Ahora puedo decírtelo: muy poco después de casarnos, Alberto y yo empezamos a tener desavenencias, cosa muy natural en un matrimonio; pero aquella noche me di cuenta de que estábamos al punto de la ruptura. Se lo conté a Luisa, mi compañera de trabajo, y ella me dio un consejo: “¿Quieres que tu relación con Alberto mejore? Cede un poco: dile que lo has pensado bien y estás dispuesta a tener a Pablo.
Cuando le di la noticia, Alberto se puso contentísimo, me dio las gracias y prometió ocuparse de todo: comida, baño, escuela, visitas al doctor y al peluquero. Ansiaba que conociera a Pablo y me propuso que al día siguiente, a la hora de la comida, fuéramos a recogerlo. Tanta urgencia me chocó, pero no dije nada y decidí mostrarme feliz en el momento de ver al nuevo miembro de la familia.
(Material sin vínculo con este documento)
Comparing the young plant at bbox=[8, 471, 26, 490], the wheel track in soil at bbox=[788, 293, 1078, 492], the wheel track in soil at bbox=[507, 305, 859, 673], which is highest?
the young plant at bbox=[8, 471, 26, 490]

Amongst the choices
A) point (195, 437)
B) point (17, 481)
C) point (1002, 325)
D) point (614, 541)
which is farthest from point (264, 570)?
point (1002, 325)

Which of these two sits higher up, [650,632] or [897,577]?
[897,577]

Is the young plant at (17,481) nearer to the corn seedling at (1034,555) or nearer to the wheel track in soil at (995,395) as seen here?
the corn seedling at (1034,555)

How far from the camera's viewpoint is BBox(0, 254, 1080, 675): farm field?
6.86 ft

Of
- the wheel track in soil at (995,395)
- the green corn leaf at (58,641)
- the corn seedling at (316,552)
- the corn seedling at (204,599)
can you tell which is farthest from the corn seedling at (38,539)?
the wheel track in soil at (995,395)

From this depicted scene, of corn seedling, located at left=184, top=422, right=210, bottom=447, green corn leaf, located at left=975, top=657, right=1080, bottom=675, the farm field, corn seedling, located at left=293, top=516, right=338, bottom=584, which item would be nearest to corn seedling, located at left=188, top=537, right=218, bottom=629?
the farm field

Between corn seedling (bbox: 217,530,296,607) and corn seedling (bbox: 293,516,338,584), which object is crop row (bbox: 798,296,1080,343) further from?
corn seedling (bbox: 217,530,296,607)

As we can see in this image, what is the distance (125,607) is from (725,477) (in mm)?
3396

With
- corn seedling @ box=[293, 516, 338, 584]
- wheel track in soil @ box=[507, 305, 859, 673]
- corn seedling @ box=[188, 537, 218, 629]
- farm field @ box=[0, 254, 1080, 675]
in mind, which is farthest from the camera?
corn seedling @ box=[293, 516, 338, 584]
Cuando llegamos al centro de adopción no tuve que fingir nada: me enamoré del cachorro a primera vista; me pareció tan lindo, tan gracioso... Lo tomé entre mis brazos y trató de escapar, se retorció, lanzó unos chilliditos pero enseguida se quedó dormido –prueba, según el veterinario, de que Pablo empezaba a tenerme confianza.
III
Luisa tuvo razón hasta cierto punto: con la llegada de Pablo, Alberto y yo volvimos a ser una pareja, a compartir un objetivo: hacer feliz al cachorrito. Cuando lo sacábamos a pasear y las personas se deshacían en elogios, Alberto no disimulaba su orgullo. Pensé cuánto más feliz sería mi marido –entonces aún no estábamos divorciados– si quien despertara tanta admiración fuera un hijo.
Por desgracia, estoy imposibilitada para dárselo. Se lo confesé a Alberto desde que planeamos casarnos. Él me aseguró que no le importaba; por otra parte, en el mundo ya había demasiada gente como para agregar una más. Le pregunté qué pensaría su familia. Me respondió que no necesitábamos darle explicaciones.
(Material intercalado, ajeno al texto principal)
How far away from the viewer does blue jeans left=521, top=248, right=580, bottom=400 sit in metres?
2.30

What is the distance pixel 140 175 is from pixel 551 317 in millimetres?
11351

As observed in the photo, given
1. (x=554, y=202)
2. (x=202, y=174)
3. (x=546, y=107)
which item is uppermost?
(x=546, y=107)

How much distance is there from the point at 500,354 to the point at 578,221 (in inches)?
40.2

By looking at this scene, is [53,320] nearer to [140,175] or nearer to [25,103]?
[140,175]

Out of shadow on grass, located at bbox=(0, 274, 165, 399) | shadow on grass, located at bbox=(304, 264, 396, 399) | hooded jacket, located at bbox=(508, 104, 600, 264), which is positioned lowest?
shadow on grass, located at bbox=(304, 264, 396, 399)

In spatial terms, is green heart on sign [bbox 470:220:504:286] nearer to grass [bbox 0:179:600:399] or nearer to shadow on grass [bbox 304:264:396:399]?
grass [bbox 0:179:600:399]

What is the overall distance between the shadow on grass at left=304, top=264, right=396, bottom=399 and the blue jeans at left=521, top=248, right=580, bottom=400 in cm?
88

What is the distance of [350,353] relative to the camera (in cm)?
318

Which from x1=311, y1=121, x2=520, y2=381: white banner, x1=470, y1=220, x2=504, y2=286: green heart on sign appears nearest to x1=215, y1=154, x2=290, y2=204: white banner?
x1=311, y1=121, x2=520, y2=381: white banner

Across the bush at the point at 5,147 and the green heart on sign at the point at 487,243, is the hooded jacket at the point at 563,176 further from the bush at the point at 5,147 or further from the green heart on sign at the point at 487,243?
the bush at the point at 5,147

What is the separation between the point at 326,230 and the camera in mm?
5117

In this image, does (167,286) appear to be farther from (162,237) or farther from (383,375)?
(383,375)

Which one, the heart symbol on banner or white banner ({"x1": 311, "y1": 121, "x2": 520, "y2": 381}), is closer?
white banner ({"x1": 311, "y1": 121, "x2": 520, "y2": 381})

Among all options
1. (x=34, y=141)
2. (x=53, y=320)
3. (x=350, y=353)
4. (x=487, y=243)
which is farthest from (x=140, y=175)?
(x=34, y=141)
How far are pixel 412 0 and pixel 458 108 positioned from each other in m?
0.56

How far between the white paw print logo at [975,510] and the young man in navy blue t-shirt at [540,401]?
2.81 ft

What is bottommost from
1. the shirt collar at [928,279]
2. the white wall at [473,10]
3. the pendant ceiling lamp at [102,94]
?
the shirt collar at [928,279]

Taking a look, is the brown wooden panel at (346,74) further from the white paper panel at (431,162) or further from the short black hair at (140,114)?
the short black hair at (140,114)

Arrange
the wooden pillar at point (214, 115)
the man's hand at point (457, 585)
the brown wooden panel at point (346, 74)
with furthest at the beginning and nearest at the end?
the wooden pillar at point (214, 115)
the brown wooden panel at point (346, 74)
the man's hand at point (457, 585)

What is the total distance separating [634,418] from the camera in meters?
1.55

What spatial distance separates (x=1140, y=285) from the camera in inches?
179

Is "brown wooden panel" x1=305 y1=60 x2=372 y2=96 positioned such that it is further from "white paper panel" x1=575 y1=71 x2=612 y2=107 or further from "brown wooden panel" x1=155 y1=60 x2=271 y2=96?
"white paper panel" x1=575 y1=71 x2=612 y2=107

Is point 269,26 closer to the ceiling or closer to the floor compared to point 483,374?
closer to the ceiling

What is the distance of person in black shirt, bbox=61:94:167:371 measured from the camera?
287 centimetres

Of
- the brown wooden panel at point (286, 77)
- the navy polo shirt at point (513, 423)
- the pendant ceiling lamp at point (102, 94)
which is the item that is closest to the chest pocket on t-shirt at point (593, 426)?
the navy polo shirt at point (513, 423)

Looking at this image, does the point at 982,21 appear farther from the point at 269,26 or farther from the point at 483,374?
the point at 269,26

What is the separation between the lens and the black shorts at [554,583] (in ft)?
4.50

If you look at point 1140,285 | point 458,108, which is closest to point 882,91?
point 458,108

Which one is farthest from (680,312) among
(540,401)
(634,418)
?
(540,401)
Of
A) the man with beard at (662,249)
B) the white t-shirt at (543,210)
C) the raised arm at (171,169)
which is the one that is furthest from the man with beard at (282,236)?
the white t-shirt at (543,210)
Mis suegros fueron discretos. Mi cuñada Gloria no. A cada rato me preguntaba cuándo íbamos a encargar
. Al principio le respondía vaguedades; pero después, harta de su insistencia, le dije que no pensábamos tener familia. Le hablé de la sobrepoblación y se le ocurrió una frase inolvidable: Pero ese no es asunto nuestro, ¿o sí?
Tuyo no, porque eres marciana
. Me tomó a broma.
IV
Con la llegada de Pablo, Alberto y yo disfrutamos de una etapa muy feliz, lástima que estuviera prendida con alfileres: nuestra vida íntima era un desastre. No tenía caso seguir y consideramos la posibilidad de divorciarnos. Todo fue civilizado y pacífico, no como entre otras parejas que, en iguales circunstancias, se matan por quedarse con lo material.
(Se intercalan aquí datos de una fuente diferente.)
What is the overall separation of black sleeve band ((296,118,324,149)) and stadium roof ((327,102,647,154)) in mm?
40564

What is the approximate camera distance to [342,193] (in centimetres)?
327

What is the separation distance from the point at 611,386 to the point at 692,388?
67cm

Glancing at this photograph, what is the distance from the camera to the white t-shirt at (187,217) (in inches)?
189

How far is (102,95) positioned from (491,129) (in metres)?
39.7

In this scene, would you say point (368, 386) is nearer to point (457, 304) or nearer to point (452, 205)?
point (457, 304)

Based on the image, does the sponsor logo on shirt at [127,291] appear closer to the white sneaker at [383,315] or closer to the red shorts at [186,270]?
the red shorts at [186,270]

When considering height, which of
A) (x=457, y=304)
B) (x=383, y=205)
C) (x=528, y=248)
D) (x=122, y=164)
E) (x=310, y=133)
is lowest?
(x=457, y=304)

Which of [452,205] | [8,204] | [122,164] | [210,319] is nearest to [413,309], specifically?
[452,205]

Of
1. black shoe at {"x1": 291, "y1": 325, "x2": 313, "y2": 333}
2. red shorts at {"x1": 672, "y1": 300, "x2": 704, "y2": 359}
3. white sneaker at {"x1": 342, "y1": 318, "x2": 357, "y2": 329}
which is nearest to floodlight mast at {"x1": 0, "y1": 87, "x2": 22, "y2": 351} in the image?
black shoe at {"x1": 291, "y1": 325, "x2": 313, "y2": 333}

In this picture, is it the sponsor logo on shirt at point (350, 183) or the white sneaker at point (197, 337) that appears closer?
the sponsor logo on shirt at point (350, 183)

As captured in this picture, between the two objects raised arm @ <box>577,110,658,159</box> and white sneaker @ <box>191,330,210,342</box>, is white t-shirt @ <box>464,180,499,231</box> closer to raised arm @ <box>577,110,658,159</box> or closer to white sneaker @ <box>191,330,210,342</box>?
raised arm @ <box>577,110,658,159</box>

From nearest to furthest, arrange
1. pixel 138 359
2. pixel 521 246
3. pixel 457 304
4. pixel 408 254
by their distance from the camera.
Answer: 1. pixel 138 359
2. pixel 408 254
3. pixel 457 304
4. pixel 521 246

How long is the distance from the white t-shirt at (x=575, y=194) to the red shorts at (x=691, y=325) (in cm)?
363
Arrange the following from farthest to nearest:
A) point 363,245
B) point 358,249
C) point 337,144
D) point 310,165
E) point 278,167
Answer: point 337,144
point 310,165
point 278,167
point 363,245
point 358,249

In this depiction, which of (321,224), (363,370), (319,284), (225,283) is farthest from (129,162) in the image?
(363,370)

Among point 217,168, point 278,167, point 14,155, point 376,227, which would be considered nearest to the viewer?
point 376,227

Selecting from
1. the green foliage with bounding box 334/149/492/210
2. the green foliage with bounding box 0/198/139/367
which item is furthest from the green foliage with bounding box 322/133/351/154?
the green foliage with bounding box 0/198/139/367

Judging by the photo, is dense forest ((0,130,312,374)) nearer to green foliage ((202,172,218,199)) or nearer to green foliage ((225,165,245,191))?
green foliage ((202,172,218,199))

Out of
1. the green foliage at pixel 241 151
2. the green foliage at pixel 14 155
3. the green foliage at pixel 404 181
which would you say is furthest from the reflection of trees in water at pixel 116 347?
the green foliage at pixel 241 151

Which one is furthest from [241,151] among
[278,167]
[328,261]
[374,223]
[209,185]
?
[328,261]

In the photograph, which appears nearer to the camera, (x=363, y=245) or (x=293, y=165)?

Ni en ese ni en ningún otro sentido tuvimos problemas hasta que surgió la pregunta: ¿Con quién vivirá Pablo?
Los dos aspirábamos a eso, y en defensa de nuestro deseo volvimos a la etapa de los pleitos salvajes. Por fortuna, llegamos a un acuerdo: Pablo viviría dos semanas conmigo y dos con Alberto, pero manteniendo siempre el contacto.
Cuando Pablo se va me quedo triste, pero me consuelo pensando que en unos cuantos días volverá. Entre un momento y otro, las conversaciones telefónicas con Alberto son cada vez más largas.